* Task requirements:
Present an exact copy of each line below.

* Exercise inputs:
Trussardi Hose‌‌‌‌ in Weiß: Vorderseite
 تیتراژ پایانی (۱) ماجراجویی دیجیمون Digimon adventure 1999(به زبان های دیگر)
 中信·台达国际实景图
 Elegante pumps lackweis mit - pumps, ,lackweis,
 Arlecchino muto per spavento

* Your solution:
Trussardi Hose‌‌‌‌ in Weiß: Vorderseite
 تیتراژ پایانی (۱) ماجراجویی دیجیمون Digimon adventure 1999(به زبان های دیگر)
 中信·台达国际实景图
 Elegante pumps lackweis mit - pumps, ,lackweis,
 Arlecchino muto per spavento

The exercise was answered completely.